Firmware Design for Periodically Waking STM32L1 Battery Nodes

Aug. 23, 2024

In a duty-cycled STM32L1 design, battery life is set by the shape of a single repeating current-vs-time waveform: a long low sleep floor, a brief wake-up transient, and a short active burst. This post treats firmware optimization as the problem of minimizing the area under that curve, working through how sleep-mode depth, wake-up latency, peripheral consumption (ADC, voltage reference, PLL, timers, I/O), and the internal-RC-versus-32.768 kHz-crystal decision each reshape one segment of it.
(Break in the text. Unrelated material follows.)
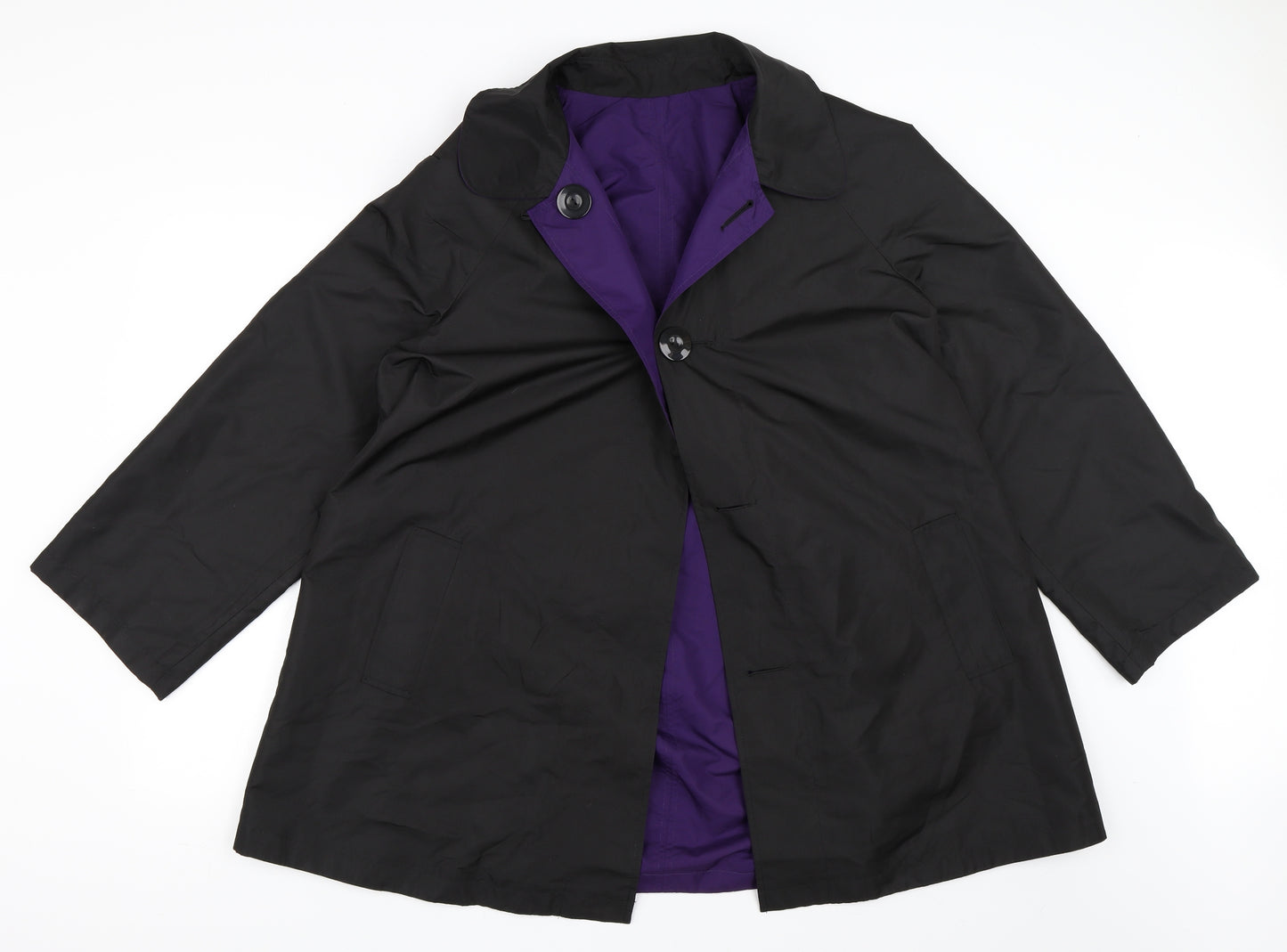 Preworn Womens Black   Rain Coat Coat Size XL  - Reversible Coat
It closes with the arithmetic that turns a wake/sleep duty cycle into an average current and a defensible battery-life estimate.

Introduction

Battery life in a periodically waking microcontroller (MCU) is not a property of any single operating mode. It is the integral of current over time across a repeating cycle — a long stretch of deep sleep, a short transient where the device wakes and stabilizes its clocks, and a brief active burst where useful work happens before the device returns to sleep. Total consumed charge is the area under this current-vs-time curve, and battery life follows directly from it.

Framing the design this way is more useful than memorizing datasheet minima, because it makes the relative weight of each decision visible. A mode that draws 290 nA instead of 560 nA looks like a 2x improvement in isolation, but if the sleep floor already contributes a small fraction of per-cycle charge, halving it changes the area under the curve by almost nothing. The same framing also explains why a few microseconds of avoidable wake-up latency, repeated millions of times over a deployment, can outweigh the entire sleep-floor budget.

The STM32L1 family (Cortex-M3, "ultra-low-power" line) is a convenient reference because each segment of the waveform maps to a concrete, configurable feature: a hierarchy of sleep states with different wake-up latencies and leakage currents, a multi-speed internal RC oscillator that governs how fast the device comes back to life, and a real-time clock (RTC) that can survive the deepest retained-state mode to schedule the next wake event. The reasoning generalizes to the L0, L4, L5, and U5 ultra-low-power series, though the absolute current figures shift with each process generation.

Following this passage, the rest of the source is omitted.